*** Opening Task input ***

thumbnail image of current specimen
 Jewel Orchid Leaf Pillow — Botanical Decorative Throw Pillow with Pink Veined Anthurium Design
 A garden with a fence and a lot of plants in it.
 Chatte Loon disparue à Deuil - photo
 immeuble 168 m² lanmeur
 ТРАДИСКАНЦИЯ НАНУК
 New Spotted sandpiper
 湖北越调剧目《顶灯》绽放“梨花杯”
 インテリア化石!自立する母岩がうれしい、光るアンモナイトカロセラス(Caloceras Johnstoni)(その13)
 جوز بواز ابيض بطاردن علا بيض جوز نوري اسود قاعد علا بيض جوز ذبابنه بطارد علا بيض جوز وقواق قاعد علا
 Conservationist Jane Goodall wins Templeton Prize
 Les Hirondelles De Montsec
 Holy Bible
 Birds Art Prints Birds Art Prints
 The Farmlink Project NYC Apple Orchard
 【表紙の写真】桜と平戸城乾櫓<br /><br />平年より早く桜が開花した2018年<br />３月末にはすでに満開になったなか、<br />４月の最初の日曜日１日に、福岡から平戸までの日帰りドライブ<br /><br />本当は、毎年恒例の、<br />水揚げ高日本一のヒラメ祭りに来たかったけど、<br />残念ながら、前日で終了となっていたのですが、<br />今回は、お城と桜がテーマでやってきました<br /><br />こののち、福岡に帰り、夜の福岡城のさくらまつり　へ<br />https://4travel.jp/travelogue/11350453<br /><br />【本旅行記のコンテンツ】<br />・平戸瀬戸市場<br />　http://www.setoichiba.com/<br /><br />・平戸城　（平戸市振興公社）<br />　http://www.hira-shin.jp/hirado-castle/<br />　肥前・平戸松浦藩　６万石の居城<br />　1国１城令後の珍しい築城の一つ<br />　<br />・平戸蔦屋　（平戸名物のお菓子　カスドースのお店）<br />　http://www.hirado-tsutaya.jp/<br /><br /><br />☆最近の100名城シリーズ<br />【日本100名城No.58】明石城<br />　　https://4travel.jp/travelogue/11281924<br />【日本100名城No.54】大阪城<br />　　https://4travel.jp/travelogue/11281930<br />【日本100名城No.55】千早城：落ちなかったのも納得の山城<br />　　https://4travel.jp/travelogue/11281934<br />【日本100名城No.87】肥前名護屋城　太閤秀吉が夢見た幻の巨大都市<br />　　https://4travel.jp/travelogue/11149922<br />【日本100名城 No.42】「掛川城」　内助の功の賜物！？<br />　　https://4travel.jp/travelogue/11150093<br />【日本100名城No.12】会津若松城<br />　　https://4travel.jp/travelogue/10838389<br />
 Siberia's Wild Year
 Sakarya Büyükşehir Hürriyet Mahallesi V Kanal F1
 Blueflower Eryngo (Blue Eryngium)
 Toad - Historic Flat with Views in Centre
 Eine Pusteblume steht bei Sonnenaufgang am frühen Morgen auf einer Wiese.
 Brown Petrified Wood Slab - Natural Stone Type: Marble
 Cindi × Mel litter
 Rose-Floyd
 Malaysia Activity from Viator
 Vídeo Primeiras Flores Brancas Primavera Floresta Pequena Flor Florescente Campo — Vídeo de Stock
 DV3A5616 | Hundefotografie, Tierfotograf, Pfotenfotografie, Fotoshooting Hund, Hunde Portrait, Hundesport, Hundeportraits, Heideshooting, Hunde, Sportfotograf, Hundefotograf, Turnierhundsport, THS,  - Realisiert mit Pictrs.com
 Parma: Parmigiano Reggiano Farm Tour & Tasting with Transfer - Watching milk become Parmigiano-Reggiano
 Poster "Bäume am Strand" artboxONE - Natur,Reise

*** Closing Task input ***

_Assignment_. Where a line in the listing above contains "with", copy that line.

_Task answer_.
 Jewel Orchid Leaf Pillow — Botanical Decorative Throw Pillow with Pink Veined Anthurium Design
 A garden with a fence and a lot of plants in it.
 Toad - Historic Flat with Views in Centre
 Parma: Parmigiano Reggiano Farm Tour & Tasting with Transfer - Watching milk become Parmigiano-Reggiano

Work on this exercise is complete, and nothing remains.